- [Problem]: Of the lines in the material below, print only those from the one containing "Curso Católico: Curso" to the one containing "De verzamelde werken", ends included, exactly as written and without pictures.
○ ○ ○ ○ ○ ○ ○
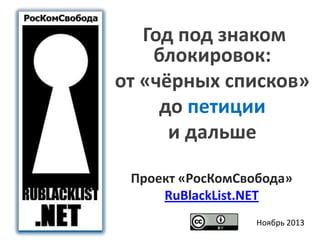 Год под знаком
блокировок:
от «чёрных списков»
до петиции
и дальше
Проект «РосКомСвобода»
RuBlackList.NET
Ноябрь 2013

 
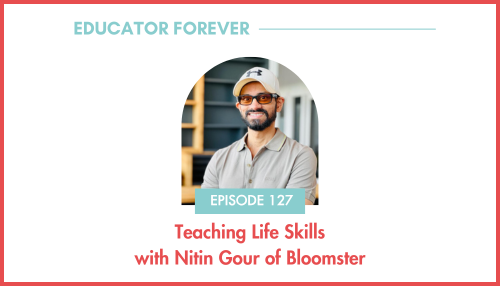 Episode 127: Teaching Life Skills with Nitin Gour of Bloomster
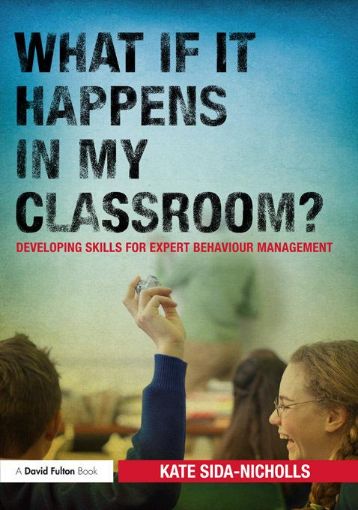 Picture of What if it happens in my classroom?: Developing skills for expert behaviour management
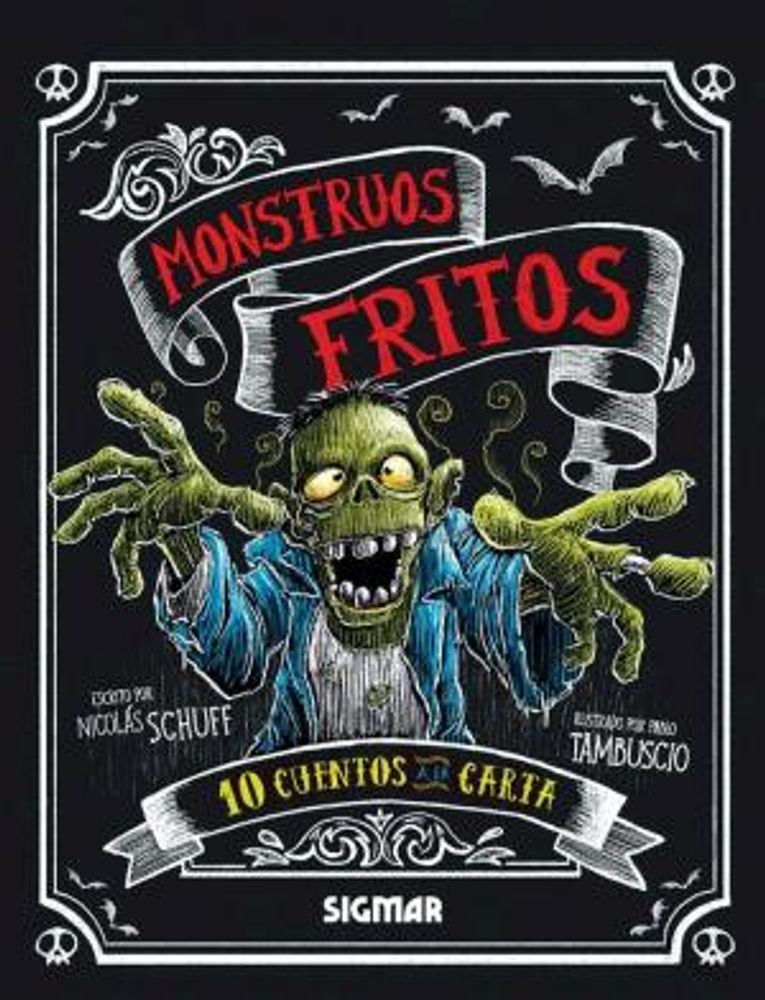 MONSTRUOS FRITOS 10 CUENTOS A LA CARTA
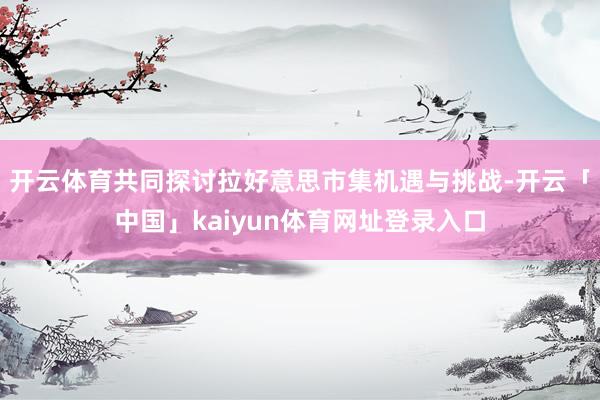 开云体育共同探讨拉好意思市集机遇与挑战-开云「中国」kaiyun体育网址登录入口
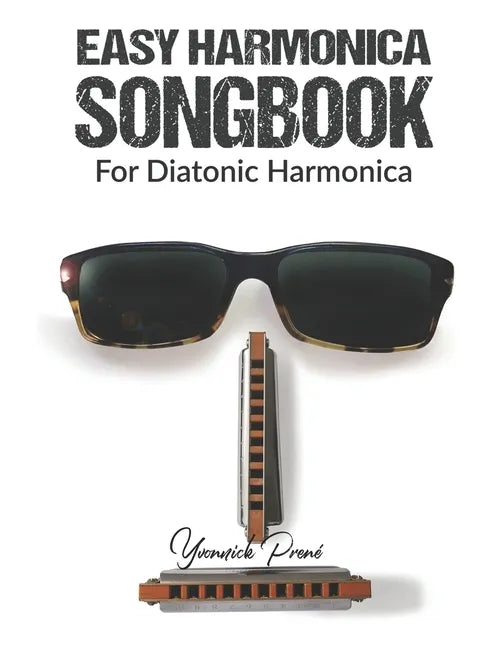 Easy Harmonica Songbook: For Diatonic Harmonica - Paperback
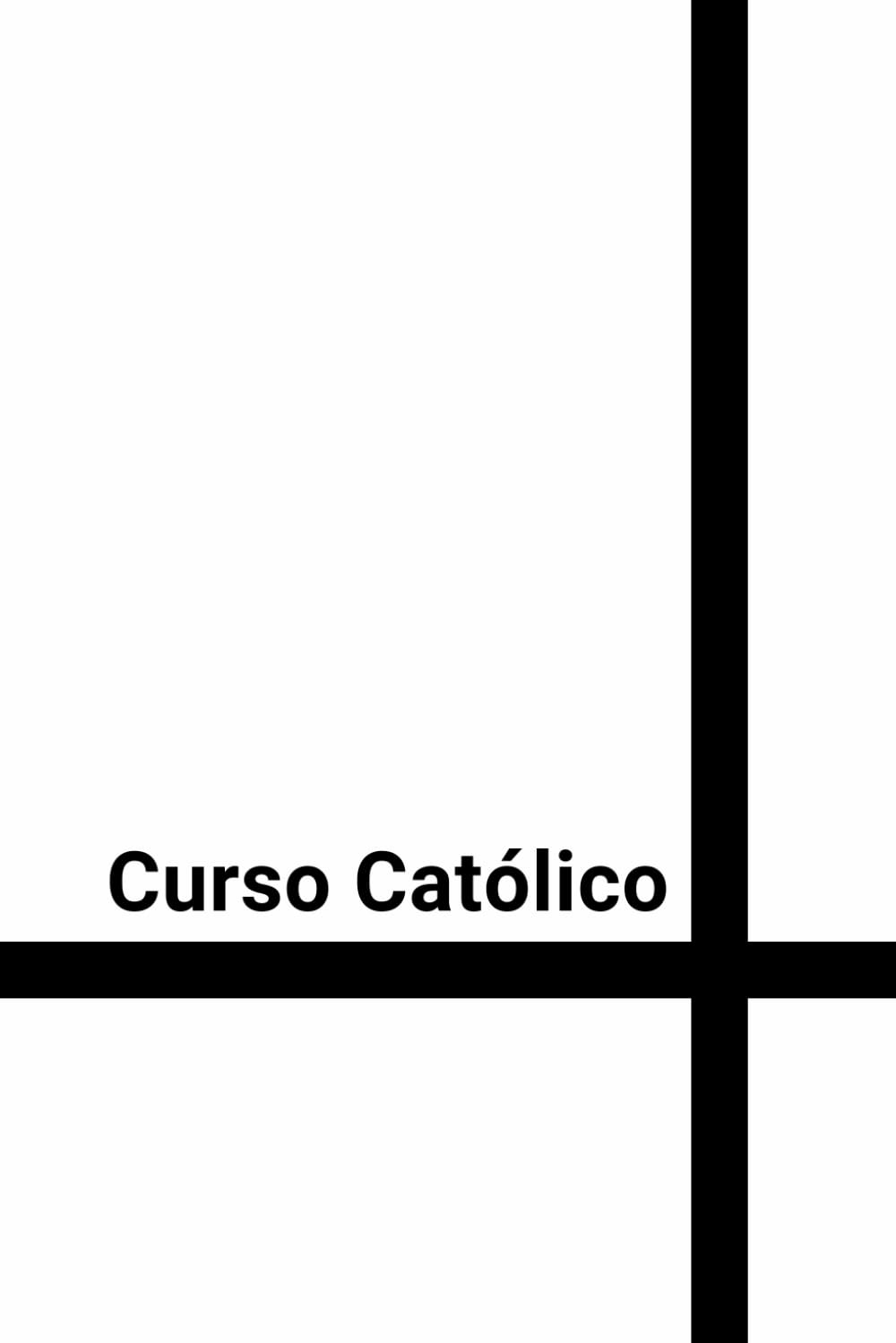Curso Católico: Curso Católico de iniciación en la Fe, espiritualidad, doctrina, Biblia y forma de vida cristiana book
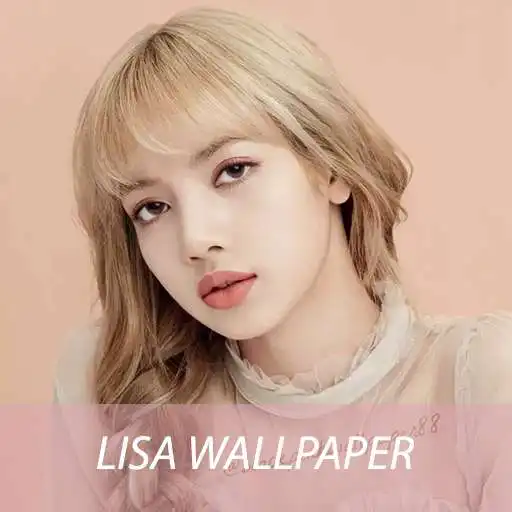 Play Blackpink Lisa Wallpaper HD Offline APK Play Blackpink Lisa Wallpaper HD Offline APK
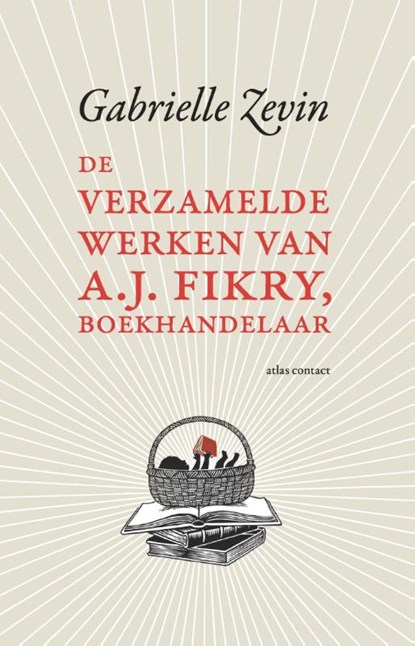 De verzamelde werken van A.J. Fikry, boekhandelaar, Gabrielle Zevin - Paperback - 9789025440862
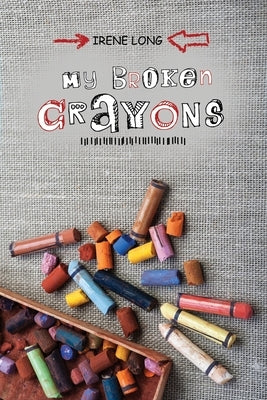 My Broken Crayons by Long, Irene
○ ○ ○ ○ ○ ○ ○
- [Your solution]:
Curso Católico: Curso Católico de iniciación en la Fe, espiritualidad, doctrina, Biblia y forma de vida cristiana book
 Play Blackpink Lisa Wallpaper HD Offline APK Play Blackpink Lisa Wallpaper HD Offline APK
 De verzamelde werken van A.J. Fikry, boekhandelaar, Gabrielle Zevin - Paperback - 9789025440862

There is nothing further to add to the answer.